Nunca pensei consertar choupanas na minha vida, mas neste caso não tenho outro remédio. As circunstâncias, dolorosamente, assim me obrigam.

Dali fui até ao mercado negro. Uma área grande escondida no meio da Cidade e quase inacessível, por se encontrar rodeada de casas decentes, habitações mono familiares ou prédios de seis ou sete andares.

Já lhes tinha pago dois metros de areia, vinte sacos de cimento e cinquenta tijolos. Esperava encontrar a obra adiantada, mas enganei-me.

É uma família com cinco filhos, vivem do abono deles mais do R. S. I.. Gastaram o material a tapar as portas velhas e janelas e a cimentar o quintal para os pequenos brincarem. Terreno que seria uma preciosidade para fazerem uma horta e não um terraço inclinado, pensando só nas crianças. O resto que havíamos combinado, estava tudo por fazer. Ralhei, fartei-me de ralhar! Vejam lá...Eu que deveria ter uma palavra amiga, ponho-me a ralhar com os Pobres. Mas tem de ser. Ajudar não é só dar o material, que isso será o que menos custa. O mais difícil é orientar para que as coisas fiquem bem seguras e baratas.

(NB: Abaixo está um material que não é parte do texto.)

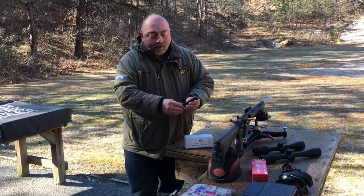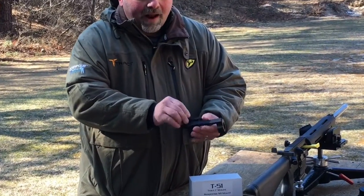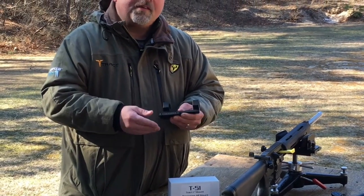One piece, complete forward position. The rail itself is separate, only on one side, so it's going to allow you to align the mount with the Picatinny rail very simply.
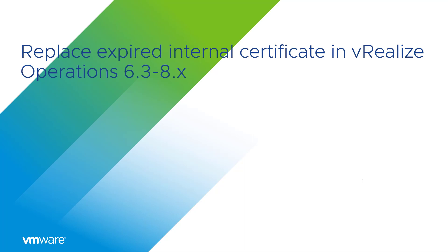Prior to running these steps, snapshot the vRealize Operations nodes and download the Certificate Renewal Pack for your version of vRealize Operations. From the VMware Patch Portal, select VROP Certificate Renewal as the product. Select 8.2.0 for vRealize Operations 8.2 or later, or select 8.0.0 for vRealize Operations 6.3 through 8.1.1. Copy the vRealize Operations Certificate Renewal Pack file to the temp directory on all nodes in the vRealize Operations cluster using an SCP utility.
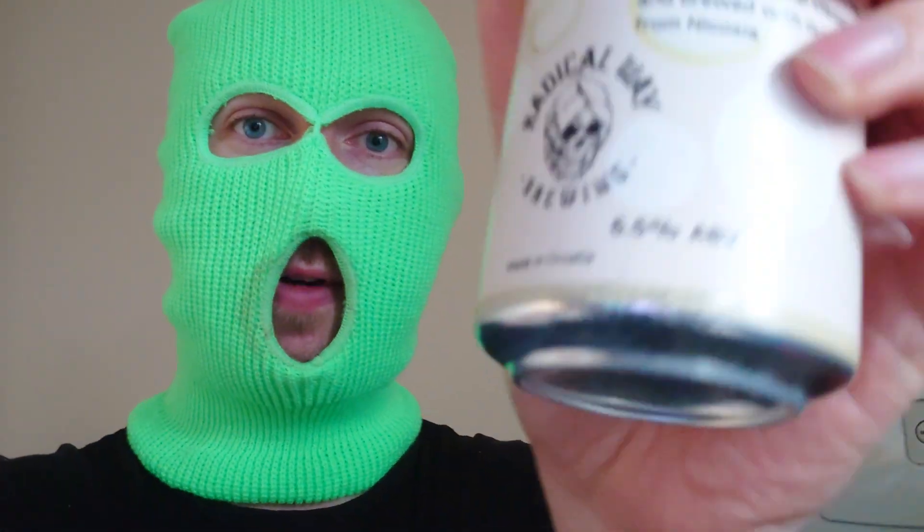This comes in at 6.5% ABV as we can see on the bottom. It's a 440ml can and it's 15 IBUs.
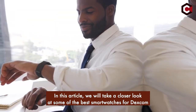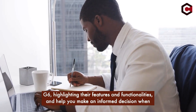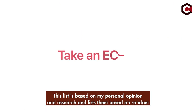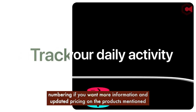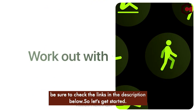We will take a closer look at some of the best smartwatches for Dexcom G6, highlighting their features and functionalities, and help you make an informed decision when selecting the perfect watch to pair with your Dexcom G6. This list is based on personal opinion and research. For more information and updated pricing on the products mentioned, be sure to check the links in the description below. So let's get started!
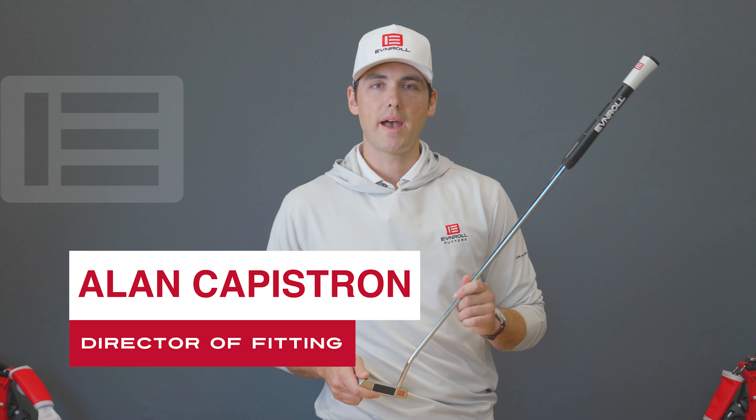Hi guys, welcome back to Even Roll. I'm Alan here in the ERX putter fitting studio, and today we're going to talk about the Sweet Face technology.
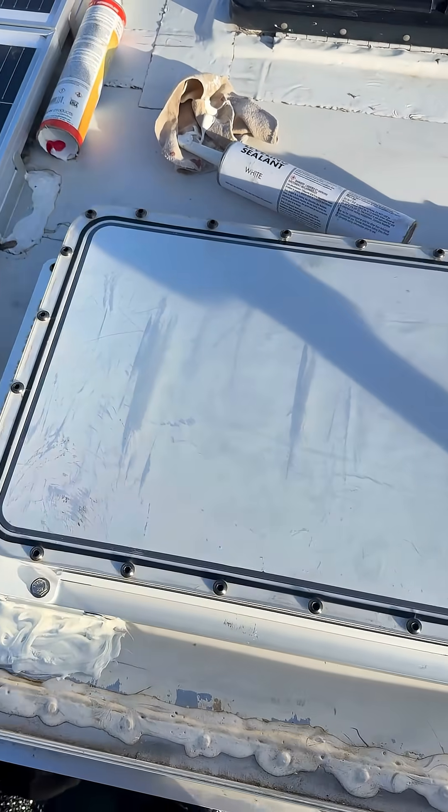All right, and that's it — it is mounted and sealed. That's how you flat mount a Starlink.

Havia entrado pelo portão do quintal e que vejo eu? - A mãe sentada no chão cimentado a dar mama ao penúltimo filho.

- Que está você a fazer? - Interrompi sem pensar. - Isso faz mal ao menino e a si.

- Mas... -, fitando-me - que hei-de fazer? Ele gosta também muito de mamar!

Nem sei bem se faz mal ou não, mas ela é tão fraquinha que acabou por me dar razão: - É por isso que me doem tanto as costas!

- Esse matulão -, com três anos - já pode comer bem, não precisa de mamar! A mama é para o mais pequeno -, que já se aguenta de pé e estava à fresca só com a fralda.

Claro que tanto a uns como a outros, levei um bom avio, para lhes matar a fome e ganhar paternidade. Não paternalismo, como fazem tantas organizações que anos atrás, acusaram a Obra do Padre Américo de paternalismo e hoje pouco mais fazem que dar de comer com a aprovação do povo, da nobreza e do Clero.